Minsk on 9th August, election day is nearly over and everyone is waiting impatiently for the official exit poll results. Belarusians are wondering how many votes will be pocketed by the president this time around. Then, the state media announce that the president has won over 80% of the vote. No-one doubted the election would be rigged, but to go this far? A wave of long-repressed outrage surges among the public; outrage that will pave the way for the biggest political protests in the history of the country.

The city is half-deserted. Sirens wail in the distance. The atmosphere is heavy with front-line tension. Crowds start to gather downtown. An hour later, the first stun grenades go off, the first blood is drawn, and hundreds, then thousands of protestors are thrown into police vans and unmarked OMON buses. However, the wave of dissent isn’t easy to hold back.
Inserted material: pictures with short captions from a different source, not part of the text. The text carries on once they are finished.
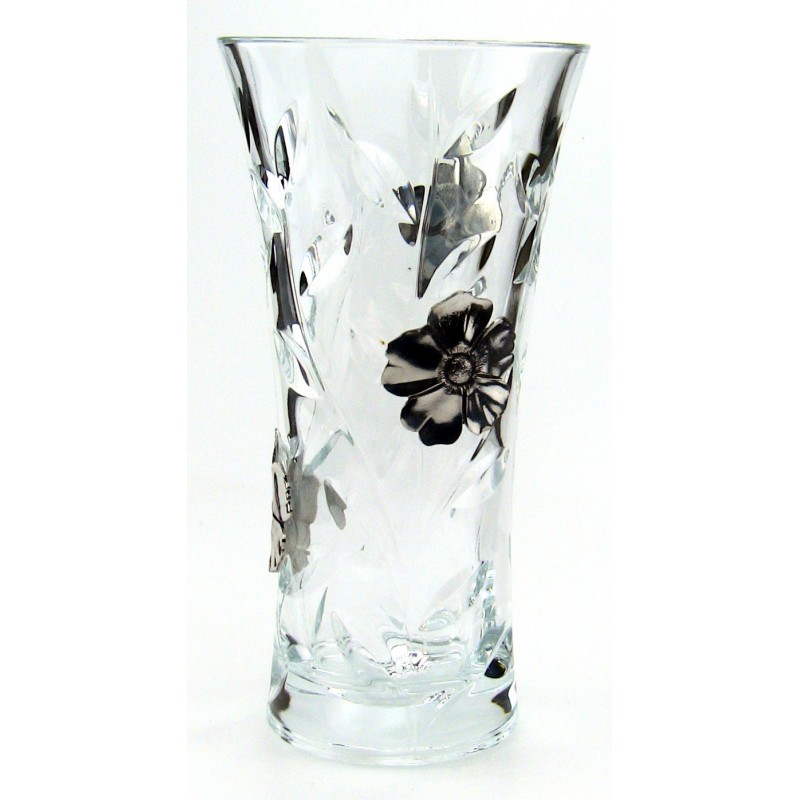 Vase cristallin étain décor fleurs 4014 sur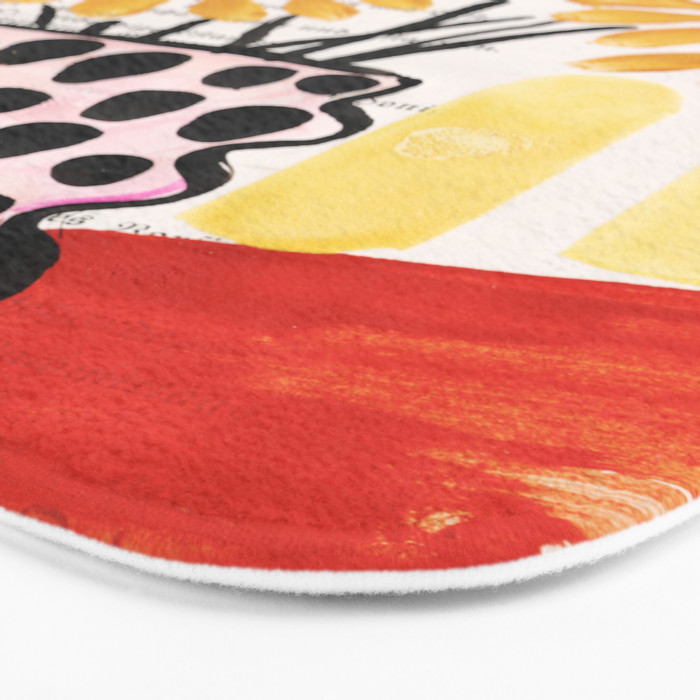 Gouache 2, still life: flowers in a vase with striped wallpaper Bath Mat Gallery Image 3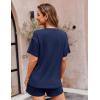 imageEkouaer Pajamas for Women Waffle Knit Lounge Set 2 Piece PJS Short Sleeve Top and Shorts Matching Loungewear with PocketsNavy Blue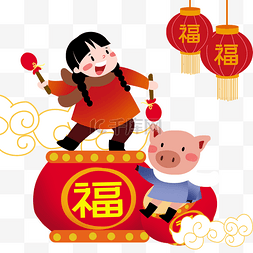 小女孩猪猪图片_新年人物和金猪插画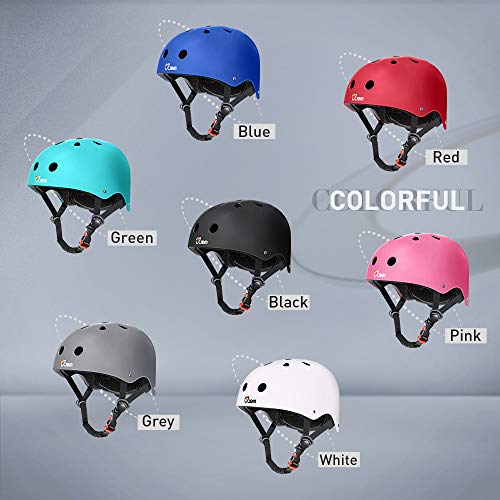 Skateboard Helme,Impact Resistance Ventilation for Multi-Sports Cycling Scooter Roller Skating Rollerblading Longboard,Blue,S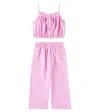 Polo Ralph Lauren Linen And Cotton Top And Pants Set In Pink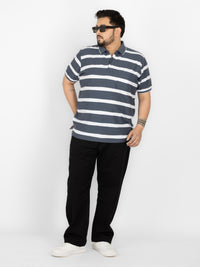 WHATZ Urban Stripe Jacquard Polo T-shirt For Men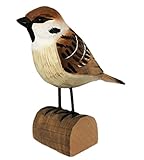 your castle Dekovogel Holzvogel Spatz handgearbeitet aus Lindenholz in Geschenkbox 12 x 12 cm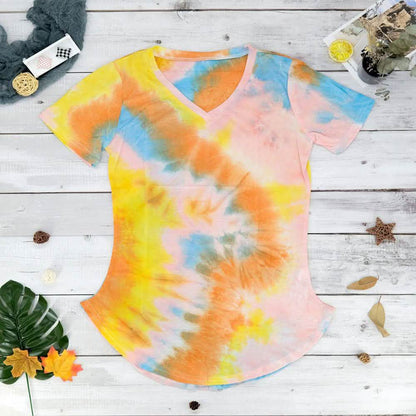 Tie-dye V-neck Tee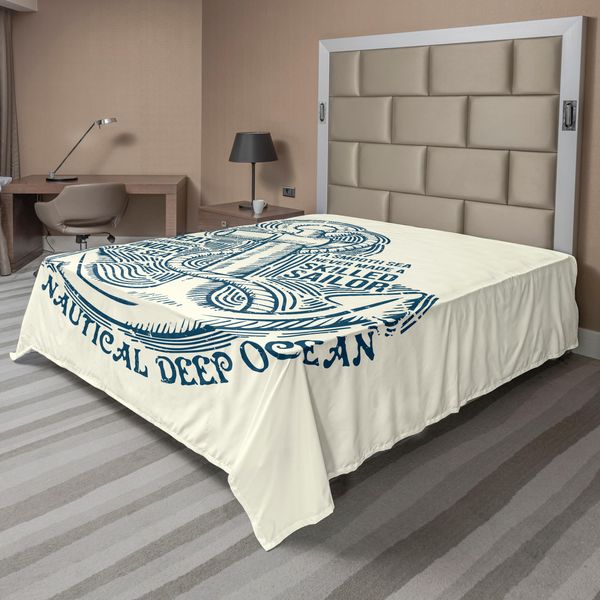 Abakuhaus Lenzuolo Anchor, Anchor Skilled Sailor Adventures Sotto Il Mare Motivo Nautico Stile Vintage, Morbido E Confortevole Lenzuolo Superiore Per Un Letto Decorativo 1 Pezzo 266 Cm X 260 Cm, Crema Blu-image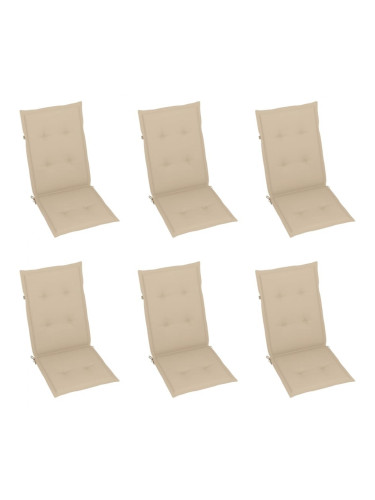 Sonata Възглавници за градински столове, 6 бр, бежови, 120x50x4 см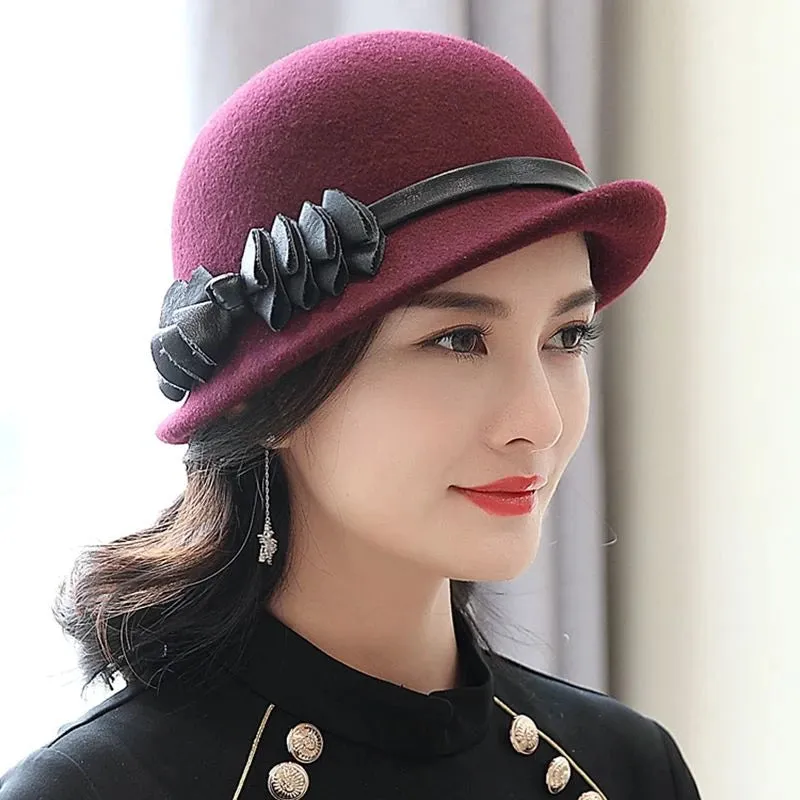 Beckyruiwu Lady Autumn And Winter Chic Irregular Brim Fedora Hats Woman Party Formal Top Grade 100% Wool Felt Hat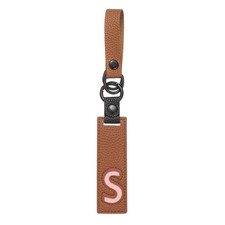 Initial Letter Keychain, PU Leather Alphabet Keychain Brown Letter-S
Lukashenko has rigged every election since his first term in office, skilfully allowing only chosen opposition candidates to run against him in order to sustain the pretence of democracy. However, hardly anyone voted, and most Belarusians did not feel disenfranchised. But this year the president decided that the only opposing candidate would be the wife of an arrested blogger, a woman who previously performed the duties of a stay-at-home mum. He presumed that because she was a housewife, it would not be difficult to convince the nation that the vast majority had supported him once again.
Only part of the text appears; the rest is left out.